• _PROBLEM_
Your output should be the lines below from the one with "New KanCan 90s High Rise Belted Paper" through the one with "Londoner Frauencharakter", copied exactly, pictures excluded.

• _DATA TO EXAMINE_
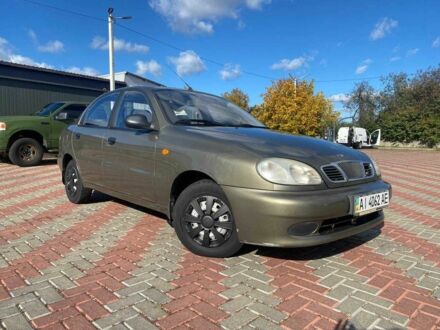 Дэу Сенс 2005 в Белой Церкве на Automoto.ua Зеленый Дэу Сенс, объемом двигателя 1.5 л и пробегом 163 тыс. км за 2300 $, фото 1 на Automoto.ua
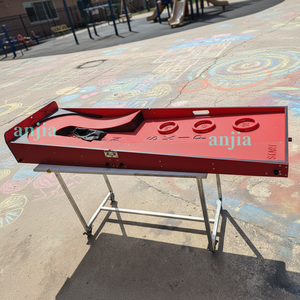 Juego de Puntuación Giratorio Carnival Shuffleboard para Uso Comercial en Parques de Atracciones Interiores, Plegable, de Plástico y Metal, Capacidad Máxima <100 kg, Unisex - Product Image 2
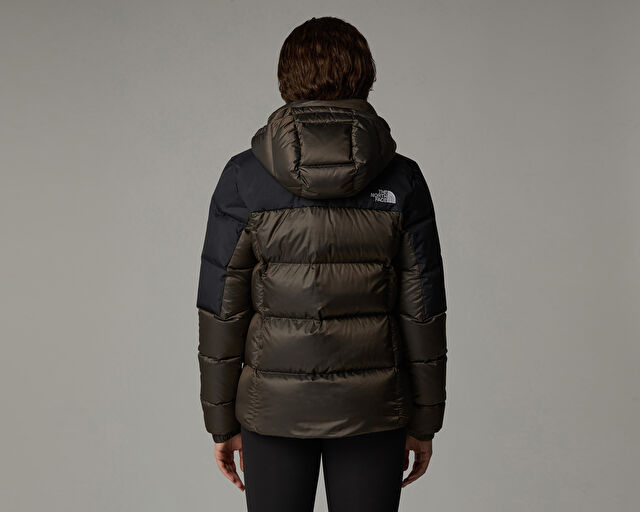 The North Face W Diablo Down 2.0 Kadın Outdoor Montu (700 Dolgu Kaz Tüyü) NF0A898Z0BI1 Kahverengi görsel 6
* * *
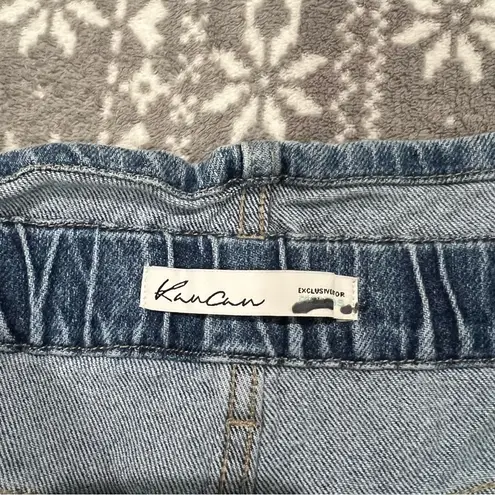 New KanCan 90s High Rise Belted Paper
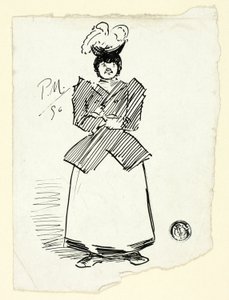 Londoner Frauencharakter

• _TASK SOLUTION_
 New KanCan 90s High Rise Belted Paper
 Londoner Frauencharakter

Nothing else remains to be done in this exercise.